Nothing justifies extrapolating from individuals to the larger group in terms of stereotyping and bigotry, but the events of the past decade have clearly put Americans’ tolerance to the test and attitudinal shifts — if not actions — can be the result; the death of bin Laden is but one step in the right direction. Fewer American Muslims heeding the siren call of religious martyrdom would help as well.
MPAC’s president, Salam Al-Marayati, in a post-bin Laden statement buttressed his hopeful message of a “new era” dawning with an analysis that concluded that bin Laden was essentially an outlier in the Muslim world: “His acts of senseless terror have been met with moral outrage by Muslims worldwide at every turn in the past decade.” The logic presumably being that if the outlier is gone, saner heads will prevail in the Muslim world.
If only that were true. The sad reality is that bin Laden had, and likely still has, a sympathetic audience for his fanaticism in large swaths of the Muslim world.

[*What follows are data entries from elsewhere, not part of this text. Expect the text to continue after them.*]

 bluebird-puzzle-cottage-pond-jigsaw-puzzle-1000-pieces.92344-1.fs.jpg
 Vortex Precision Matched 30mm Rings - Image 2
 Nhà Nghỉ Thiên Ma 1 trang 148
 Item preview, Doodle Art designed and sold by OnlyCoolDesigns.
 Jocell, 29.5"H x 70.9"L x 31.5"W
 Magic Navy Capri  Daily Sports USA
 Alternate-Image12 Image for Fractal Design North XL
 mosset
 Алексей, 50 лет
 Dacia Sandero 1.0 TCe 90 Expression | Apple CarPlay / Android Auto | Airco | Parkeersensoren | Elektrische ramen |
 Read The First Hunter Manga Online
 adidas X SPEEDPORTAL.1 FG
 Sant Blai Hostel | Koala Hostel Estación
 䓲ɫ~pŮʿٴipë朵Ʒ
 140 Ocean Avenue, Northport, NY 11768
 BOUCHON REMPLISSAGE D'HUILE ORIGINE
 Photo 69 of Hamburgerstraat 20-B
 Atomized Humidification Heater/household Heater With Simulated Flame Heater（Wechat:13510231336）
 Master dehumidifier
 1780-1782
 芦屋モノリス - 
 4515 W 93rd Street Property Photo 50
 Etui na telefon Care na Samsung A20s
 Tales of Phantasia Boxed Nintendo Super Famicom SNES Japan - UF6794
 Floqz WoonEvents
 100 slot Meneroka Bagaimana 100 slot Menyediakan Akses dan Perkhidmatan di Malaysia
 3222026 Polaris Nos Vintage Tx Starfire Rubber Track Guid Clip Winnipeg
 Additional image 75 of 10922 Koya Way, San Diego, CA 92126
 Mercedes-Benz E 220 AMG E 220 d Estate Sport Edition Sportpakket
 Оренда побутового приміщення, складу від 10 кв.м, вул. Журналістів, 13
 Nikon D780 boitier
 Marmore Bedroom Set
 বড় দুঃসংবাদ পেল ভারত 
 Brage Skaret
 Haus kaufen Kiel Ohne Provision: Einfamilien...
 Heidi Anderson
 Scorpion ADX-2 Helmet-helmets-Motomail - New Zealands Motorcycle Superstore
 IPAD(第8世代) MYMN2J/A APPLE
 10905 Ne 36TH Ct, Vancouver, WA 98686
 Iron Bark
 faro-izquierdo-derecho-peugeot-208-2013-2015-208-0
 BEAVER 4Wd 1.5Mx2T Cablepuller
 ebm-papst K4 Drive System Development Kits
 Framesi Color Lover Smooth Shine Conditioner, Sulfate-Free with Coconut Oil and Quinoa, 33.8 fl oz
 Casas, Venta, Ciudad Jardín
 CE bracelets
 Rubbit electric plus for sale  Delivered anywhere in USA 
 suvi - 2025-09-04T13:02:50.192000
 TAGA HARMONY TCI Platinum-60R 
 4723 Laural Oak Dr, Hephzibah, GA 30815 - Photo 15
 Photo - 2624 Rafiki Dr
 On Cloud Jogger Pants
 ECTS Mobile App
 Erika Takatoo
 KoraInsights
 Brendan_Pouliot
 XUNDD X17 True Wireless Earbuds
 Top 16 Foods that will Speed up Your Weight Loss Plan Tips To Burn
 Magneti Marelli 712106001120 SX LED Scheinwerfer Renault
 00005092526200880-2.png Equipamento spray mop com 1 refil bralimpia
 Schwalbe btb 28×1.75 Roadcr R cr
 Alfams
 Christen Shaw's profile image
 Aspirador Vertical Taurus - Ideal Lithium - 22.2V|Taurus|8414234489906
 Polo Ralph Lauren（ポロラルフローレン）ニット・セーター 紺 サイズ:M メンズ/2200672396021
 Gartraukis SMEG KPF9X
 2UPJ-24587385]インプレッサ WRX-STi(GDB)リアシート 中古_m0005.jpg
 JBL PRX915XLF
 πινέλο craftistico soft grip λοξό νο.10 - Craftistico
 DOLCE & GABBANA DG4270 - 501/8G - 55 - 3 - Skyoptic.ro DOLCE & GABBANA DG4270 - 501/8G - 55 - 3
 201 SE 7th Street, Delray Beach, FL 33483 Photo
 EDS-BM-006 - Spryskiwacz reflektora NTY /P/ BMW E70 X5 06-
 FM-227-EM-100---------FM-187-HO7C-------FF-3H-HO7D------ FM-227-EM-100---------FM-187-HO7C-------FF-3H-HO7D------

A largely ignored Pew poll that came out last week confirmed this fear. Despite its rosy headline — “Osama Bin Laden Largely Discredited Among Muslim Publics in Recent Years” — the numbers in the study belie the title’s optimism. While “confidence in Osama bin Laden” has declined in recent years in Indonesia (from 60 to 26 percent), Pakistan (52 to 18 percent), Egypt (27 to 22 percent) and the Palestinian territories (72 to 34 percent). The actual number of those with “confidence in bin Laden to do the right thing in world affairs” in just those four population centers totals 183 million Muslims. That means that nearly 200 million people in the world have “confidence” in an avowed mass murderer who advocated religious war and genocide.
As one reads that fact, it is important to keep in mind that in recent history there haven’t been many mass murderers who explicitly boasted of their gory exploits; few preened about killing innocent men, women and children. They might use code words and metaphors, but open blood lust hasn’t been common practice. Bin Laden was an exception — there was no ambiguity in his goals. Nevertheless, he had/has hundreds of millions of admirers. Hardly the “moral outrage of the Muslim world” that MPAC described.
MPAC and its leadership have expressed admirable goals, to “turn the page on a decade of terror led by bin Laden and al-Qaeda … (whose) pro-violence messages have been exposed as bankrupt and misguided.” But turning that page is not advanced by reflexively claiming victim status, by decrying Americans’ response to terror and plots of terror, and by candy-coating what is clearly a serious problem in the Islamic world that won’t likely disappear with bin Laden’s demise.
David A. Lehrer is president and Joe R. Hicks vice president of Community Advocates Inc. (cai-la.org), a Los Angeles-based human relations organization headed by former mayor Richard J. Riordan.